The sabha or the singer - take your pick
It’s the singer not the song - The Rolling Stones
I have always been taken up with how people respond to music - an integral part of the ether to most of us. Almost since birth, always in the air. We may not have been conscious of it, but as we grew older, the awareness of what we were listening to tended to take shape and form. This does not apply to all individuals. An exceptional few are tone deaf and not even remotely interested in music. One feels sorry for them.
As the years passed, one was subject to all manner of musical influences and depending on whether you were in Chennai during the music season, or at an orchestral concert at the Royal Albert Hall, or even at a Bruce Springsteen barnstorming rock show, you learnt to appreciate each completely different form of entertainment in its own space and for its own sake. In my case, constant exposure to multifarious streams of music happened due to my home environment and later, school and college campus influences.

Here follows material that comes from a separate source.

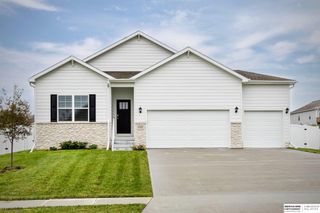 6303 Clear Creek Street, Papillion, NE 68157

While the ability to enjoy The Beatles, Bach and GNB at different times, depending on how the mood takes you is a true blessing, it can also be a curse. Too much to take in and too little time. I have known many musically incestuous people suffer from this quandary. I am therefore envious of those who concentrate, single-mindedly on one form of music and give their all to that particular stream. I am not here referring to musicians. The good ones are usually very focused on their area of speciality - the tunnel vision approach. There is a very good reason why the so called fusion music has never quite caught on beyond a handful of restricted groups. My contemplation is more on the music lovers.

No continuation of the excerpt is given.